[Web page caption snippets]

---

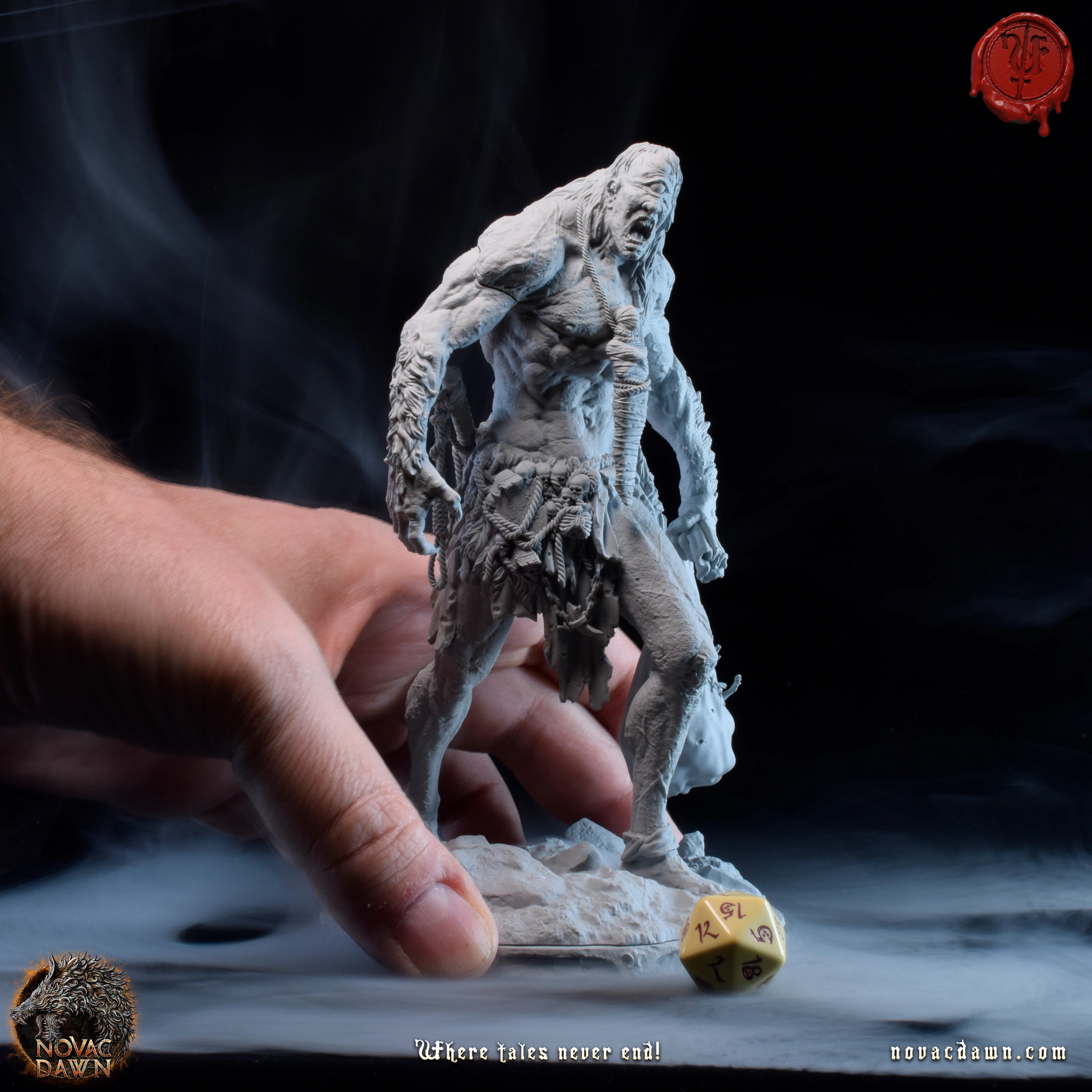 Braghor, The Cragbreaker image 0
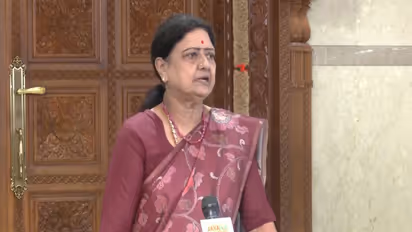 Former AIADMK leader Sasikala Natarajan (Photo/ANI)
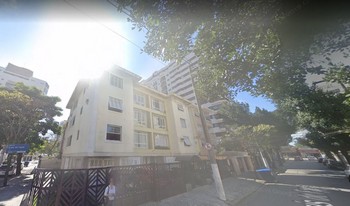 Imagem de fundo do condomínio Condomínio Itatiba - Gonzaga - Santos - SP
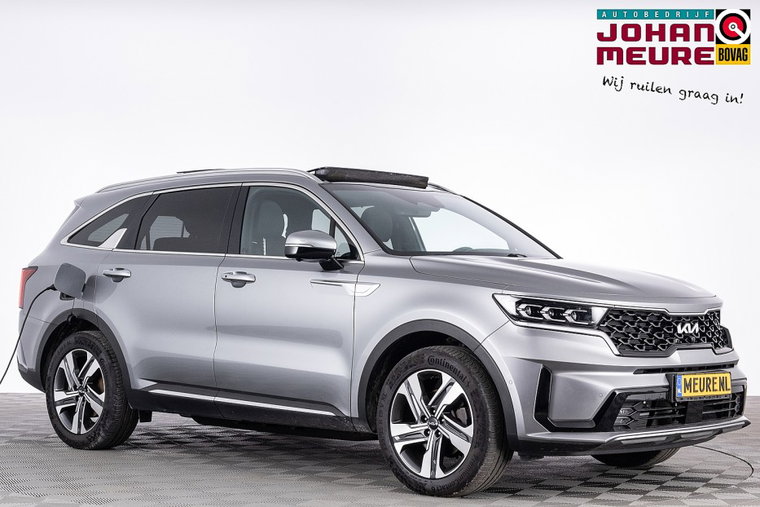 Foto van Kia Sorento
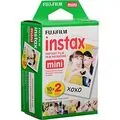ფირი Fujifilm Instax Mini Film 10x2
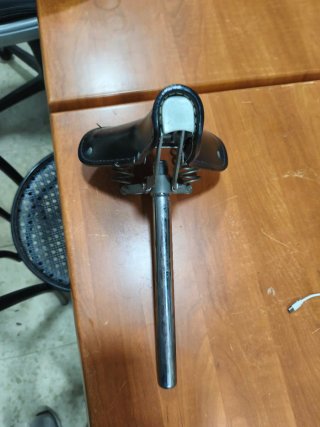 Asiento Mobylette Original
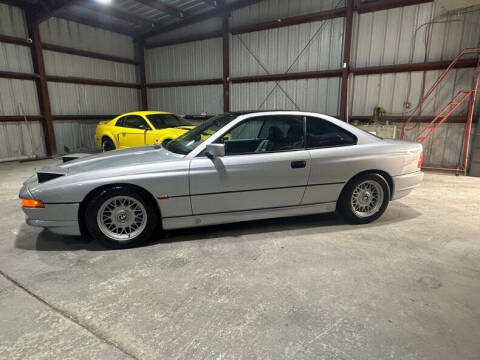 1997 BMW 8 Series 840Ci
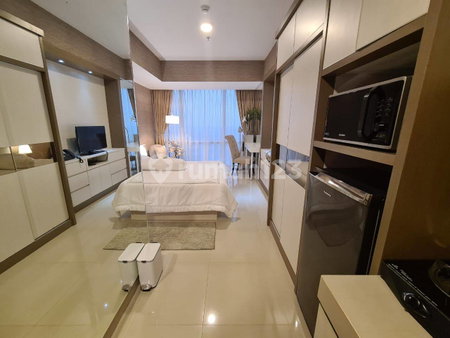 Apartment for rent in Tangerang, Indonesia · U Residences · 1 room, 1 bath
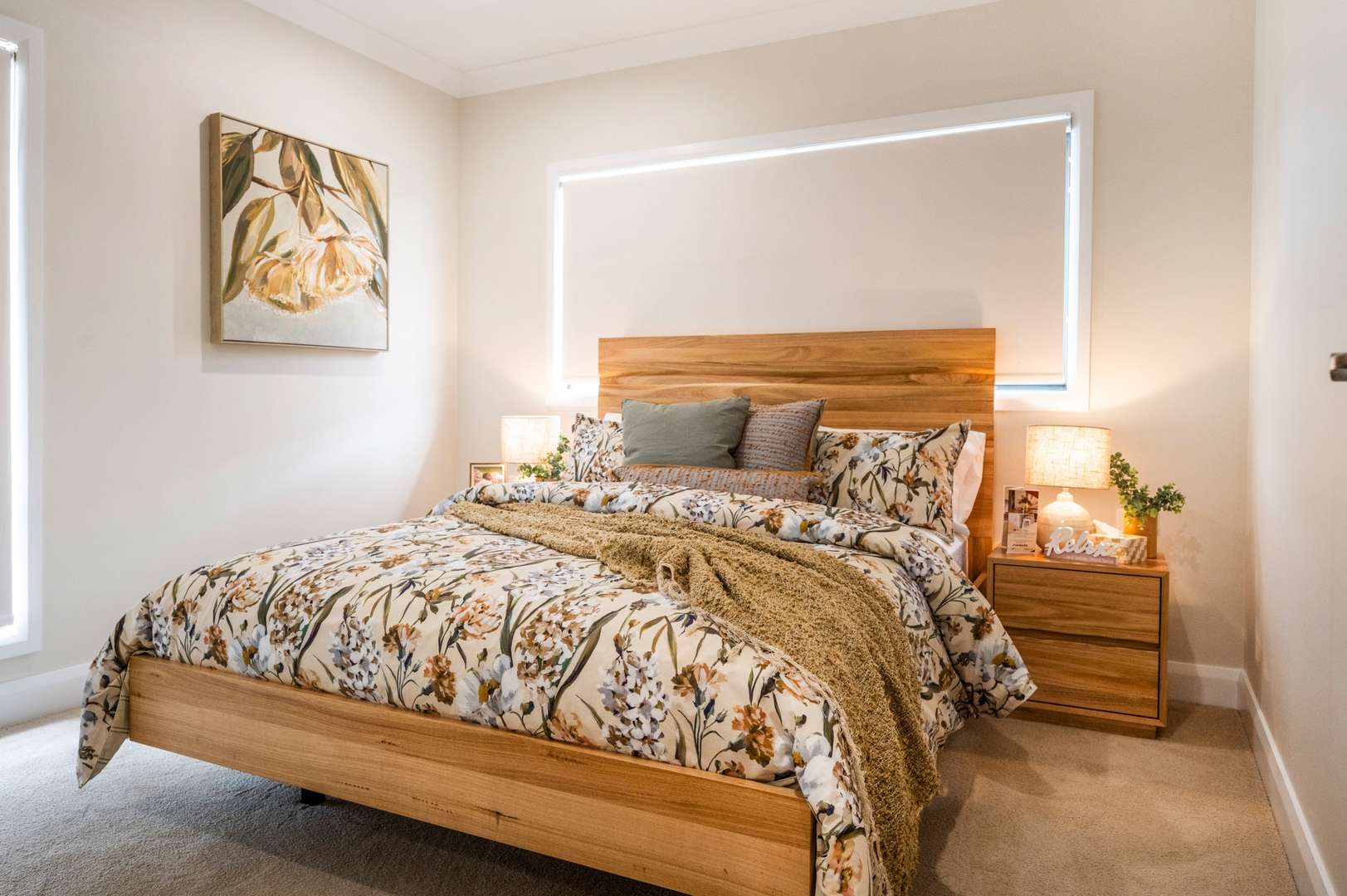 Oak Tree Retirement Village Coffs Harbour - 2 Bed + Study + 1 Bath + Powder Villa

---

## EXERCISE
All of the lines above must be printed again exactly, and no picture may appear in the copy.

## THE ANSWER
 Braghor, The Cragbreaker image 0
 Former AIADMK leader Sasikala Natarajan (Photo/ANI)
 Imagem de fundo do condomínio Condomínio Itatiba - Gonzaga - Santos - SP
 Foto van Kia Sorento
ფირი Fujifilm Instax Mini Film 10x2
 Asiento Mobylette Original
 1997 BMW 8 Series 840Ci
 Apartment for rent in Tangerang, Indonesia · U Residences · 1 room, 1 bath
 Oak Tree Retirement Village Coffs Harbour - 2 Bed + Study + 1 Bath + Powder Villa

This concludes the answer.